Ist SYRIZA linksradikal?
Gastbeitrag: Michael Schlecht über die politische Einordnung der neuen griechischen Regierung
Kaum hat die griechische Partei SYRIZA die Wahlen gewonnen, schon geht in den Medien das vorhersehbare Trommelfeuer los: Parteichef Alexis Tsipras sei ein »Rattenfänger«, heißt es, seine Partei ein linksradikaler Haufen mit unrealistischen Forderungen, der jetzt auch noch mit der rechten Partei Anel koaliert. Eine Frage: Wenn SYRIZA »linksradikal« ist und Anel »rechtspopulistisch« – wer ist in dieser Logik dann eigentlich die goldene »Mitte«? Genau: die Parteien, die sich dem Spardiktat der Bundesregierung klaglos unterwerfen.

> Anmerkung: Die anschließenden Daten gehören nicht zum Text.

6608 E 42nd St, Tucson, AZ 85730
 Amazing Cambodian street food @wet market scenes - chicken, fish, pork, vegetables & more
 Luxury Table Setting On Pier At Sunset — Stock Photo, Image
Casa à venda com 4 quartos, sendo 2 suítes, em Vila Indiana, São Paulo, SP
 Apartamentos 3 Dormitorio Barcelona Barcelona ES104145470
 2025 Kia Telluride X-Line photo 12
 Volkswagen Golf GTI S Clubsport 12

SYRIZA sei »linksradikal«, heißt es derzeit übereinstimmend. Will SYRIZA die Produktionsmittel vergesellschaften und eine Planwirtschaft einrichten? Nein. Schauen wir uns an: Was will SYRIZA?
Erstens die humanitäre Krise bekämpfen, die die Kürzungsprogramme im Land angerichtet haben. Dazu gehören Maßnahmen wie Nahrungsmittelhilfe für Hungernde, die Subventionierung von Wohnraum für Obdachlose, die Stundung für Kredite für überschuldete Haushalte und Strom für jene, die vom Netz abgeklemmt worden sind. Dazu kommt die medizinische Versorgung eines Drittels der Griechen, das inzwischen nicht mehr krankenversichert ist. Zusammen mit zusätzlichen Staatsangestellten kostet das pro Jahr elf Milliarden Euro – so viel, wie Griechenland dieses Jahr für Zinsen auf Schulden ausgeben wird.
In Deutschland wird jetzt auf »die Griechen« gehetzt mit dem Argument, dass »wir«, die »deutschen Steuerzahler« dort soziale Wohltaten finanzieren sollen. Dabei ist Teil des Programms der neuen Regierung, dass die Reichen stärker – oder überhaupt – besteuert werden und so die Reformen finanzieren.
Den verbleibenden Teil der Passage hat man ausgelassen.